The data_encoding library is used throughout the Tezos codebase for various serializing/deserializing tasks. Because of this, in our effort to formally verify the protocol, there are many proofs involving encoding.
Simply speaking, data_encoding
has a series of primitives for encoding/decoding scalar
data types and combinators for non-scalar data types, combinators work by
combining primitives together with functions and letting users compose smaller
encodings into bigger ones.
Having axioms and lemmas for primitives and combinators enable us to verify the encodings, but in practice, these proofs can be very mechanical.
For example here is a proof involving data_encoding.
Lemma fixed_encoding_is_valid
: Data_encoding.Valid.t (fun _ => True) Constants_repr.fixed_encoding.
eapply Data_encoding.Valid.implies.
eapply
Data_encoding.Valid.conv,
Data_encoding.Valid.obj10;
constructor;
try first [
apply Data_encoding.Valid.uint8 |
apply Data_encoding.Valid.uint16 |
apply Data_encoding.Valid.int31
];
eapply Data_encoding.Valid.list_value;
eapply Data_encoding.Valid.conv_with_guard;
apply Data_encoding.Valid.int64_value.
intro x; destruct x; intuition.
repeat constructor.
Qed.
All these Data_encoding.Valid.*
lines can now be replaced by a simple call of
data_encoding_auto
. This tactic will try to apply each of the combinator axioms
from Data_encoding.Valid
and then use the Data_encoding_db
hint database to
solve the remaining subgoals regarding data_encoding
primitives. If the proof
cannot be fully solved it will remain subgoals that are specific for each encoding.

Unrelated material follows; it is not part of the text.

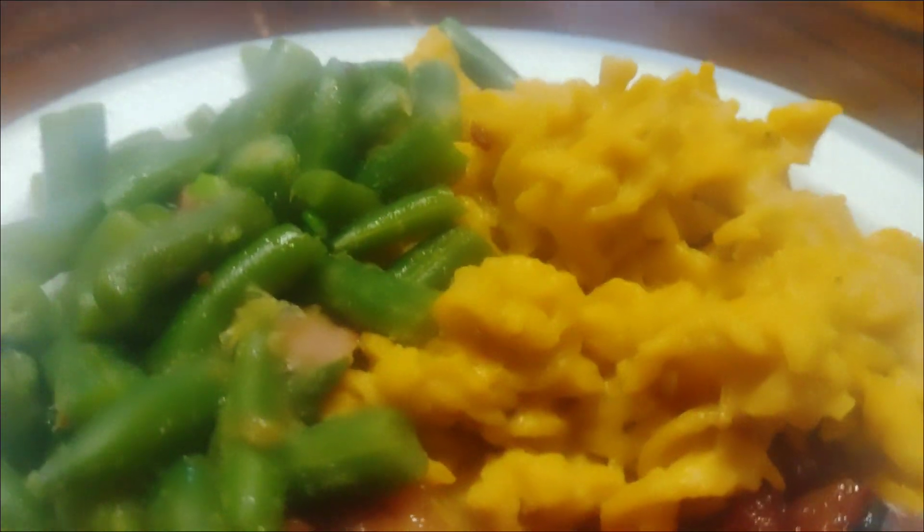That ham is cut up real finely — there it is, gets a little smoky feel to it. I got the mac and cheese, green beans ready, and the ham plated. Here it is. How's she looking? All right, I'm about to test this out.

Now here is the same proof but with data_encoding_auto
.
Lemma fixed_encoding_is_valid
: Data_encoding.Valid.t (fun _ => True) Constants_repr.fixed_encoding.
Data_encoding.Valid.data_encoding_auto.
intro x; destruct x; intuition.
repeat constructor.
Qed.
Some data_encoding
combinators involve arbitrary functions; these are case
for encoding variants of sum types, and conv
for providing a conversion
between encodings. Because of this it is not always possible to fully automate the
encoding proofs, but we can leave all the mechanical work for the machine so we
can focus on things that are specific for each encoding.
As we write more encoding proofs we can increment the hints database. Since encodings have a nesting nature, we can use these hints to prove bigger encodings making it easier to write encoding proofs and avoiding repetitive proofs.